MY LIFE AS A ZUCCHINI: One of the best kids movies I've ever seen. This film (of that I thought it was going to be a childish borefest) literally brought tears to my eyes. It tells tales of terrible fates in such an innocent way that it breaks your heart over and over again. Children won't get the darkness of this film, even though it is hidden in plain sight and so adults will have a very different viewing experience. Certainly worth your time.
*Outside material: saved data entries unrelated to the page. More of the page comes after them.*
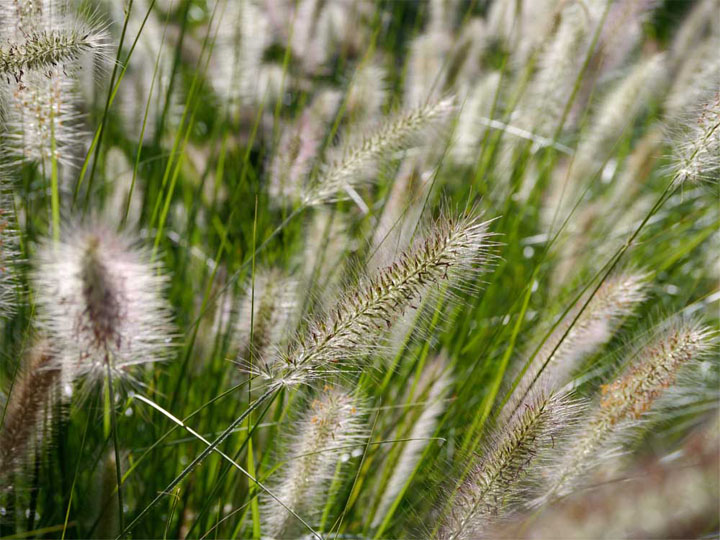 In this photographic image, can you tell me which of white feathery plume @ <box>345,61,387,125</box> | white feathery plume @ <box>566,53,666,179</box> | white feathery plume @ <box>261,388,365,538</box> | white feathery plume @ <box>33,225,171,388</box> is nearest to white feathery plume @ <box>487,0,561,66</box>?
white feathery plume @ <box>566,53,666,179</box>

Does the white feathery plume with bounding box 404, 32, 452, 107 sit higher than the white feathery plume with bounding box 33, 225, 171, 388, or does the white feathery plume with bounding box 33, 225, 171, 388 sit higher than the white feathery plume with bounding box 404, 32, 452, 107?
the white feathery plume with bounding box 404, 32, 452, 107

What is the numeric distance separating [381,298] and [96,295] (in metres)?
0.43

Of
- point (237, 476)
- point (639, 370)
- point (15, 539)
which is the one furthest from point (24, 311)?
point (639, 370)

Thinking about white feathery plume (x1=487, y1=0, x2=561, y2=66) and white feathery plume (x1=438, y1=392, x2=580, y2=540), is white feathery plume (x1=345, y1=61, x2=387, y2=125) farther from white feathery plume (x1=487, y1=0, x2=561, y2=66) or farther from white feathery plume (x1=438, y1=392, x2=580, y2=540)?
white feathery plume (x1=438, y1=392, x2=580, y2=540)

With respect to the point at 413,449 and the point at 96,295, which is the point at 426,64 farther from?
the point at 96,295

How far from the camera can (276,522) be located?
1441 mm

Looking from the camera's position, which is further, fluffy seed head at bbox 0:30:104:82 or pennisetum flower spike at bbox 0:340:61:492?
pennisetum flower spike at bbox 0:340:61:492

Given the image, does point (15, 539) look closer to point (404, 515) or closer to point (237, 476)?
point (237, 476)

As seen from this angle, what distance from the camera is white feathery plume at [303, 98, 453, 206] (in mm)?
1730

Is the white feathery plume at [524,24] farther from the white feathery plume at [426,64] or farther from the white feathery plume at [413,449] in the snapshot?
the white feathery plume at [413,449]

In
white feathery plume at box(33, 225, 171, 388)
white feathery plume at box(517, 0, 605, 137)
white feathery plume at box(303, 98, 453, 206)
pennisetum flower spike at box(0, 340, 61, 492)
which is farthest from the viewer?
white feathery plume at box(517, 0, 605, 137)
And now, without further ado, let's dive into the Top 10:

My number ten spot goes to the movie that was a breath of fresh air in the genre of romantic comedies. It is based on the actual life of main actor and screenwriter Kumail Nanjiani, and it really shows: The Big Sick is multilayered and absolutely genuine. The film is more than a love story as it also heavily features topics like the cultural barriers (including racism in both directions), recovering from setbacks and what it's like to try to build a career in show business. Kumail Nanjiani and Zoe Kazan have great chemistry and are two endlessly charming main characters. But also the supporting cast is on the top of their game with Ray Romano and Holly Hunter leading the way. This film is funny, sad, heart-warming and even gets you thinking a couple of times. Because when characters argue, you can usually understand where both sides are coming from and that they actually have a point. It just shows how great the writing is! The Academy Award nomination for Best Screenplay is well-deserved.
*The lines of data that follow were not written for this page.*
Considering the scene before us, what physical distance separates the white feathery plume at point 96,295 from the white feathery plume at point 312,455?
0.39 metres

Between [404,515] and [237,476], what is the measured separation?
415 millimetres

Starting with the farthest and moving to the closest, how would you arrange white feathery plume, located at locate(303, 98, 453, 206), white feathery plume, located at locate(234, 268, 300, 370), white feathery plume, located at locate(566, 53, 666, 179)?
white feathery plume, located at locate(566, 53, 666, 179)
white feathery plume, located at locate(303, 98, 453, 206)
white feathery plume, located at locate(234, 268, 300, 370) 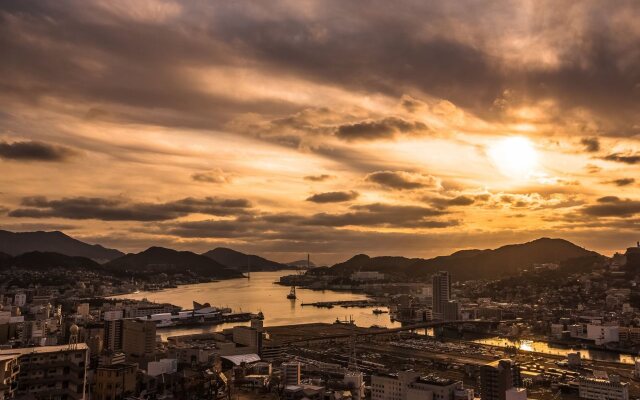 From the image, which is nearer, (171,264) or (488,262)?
(488,262)

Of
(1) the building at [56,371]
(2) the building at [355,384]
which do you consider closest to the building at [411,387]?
(2) the building at [355,384]

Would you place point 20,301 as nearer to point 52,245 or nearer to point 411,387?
point 411,387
I have expressed my love for the webslinger multiple times in my articles. Naturally I was curious to see what this third cinematic incarnation of the character had to offer. I was not disappointed. It was a blast! I've always loved the first two Sam Raimi Spider-Man films from the early 2000s, because they tell such a classic and inspiring super-hero story. Spider-Man: Homecoming however, captures the feeling you get from reading a Spidey comic like no other film has. Tom Holland is perfectly cast and is able to play both, Peter Parker an Spider-Man, flawlessly. This film had everything you need in a film about the wallcrawler: action, humor and, most importantly, a lot of heart. Even though they took the character to high school for the third time, the movie managed to stay fresh. Director Jon Watts recreated the magic of a John Hughes film and the fantastic Michael Keaton gave us one of Marvel Studios' best villains. That subtle but creepy scene in the car was amazing. I didn't think a Spider-Man movie could still have that much juice in it. This was popcorn entertainment at its best.

8. "LION"
This February release tells the awe-inspiring true story is about a little boy, Saroo, who gets separated from his family in India as child. Shortly after, he is adopted and moves to Australia. But losing his family haunts him for all the years to come and so after 20 years he decides to find them despite having as little information as you possibly can. The first half of the film is set in India and features an incredibly heart-wrenching performance by the eight-year old Sunny Pawar. Having lived in India for four month, I have witnessed the cruel reality of street children with my own eyes and so I found this part of the film extremely engulfing. The second half of the film shows Saroo as a grown man. Among other things this part explores his struggle with cultural identity and what it feels like to look Indian, but not know a whole lot about that country. As someone who has a similar relationship with his heritage, I could completely empathize with the character. Needless to say, this film really resonated with me on a deeply personal level.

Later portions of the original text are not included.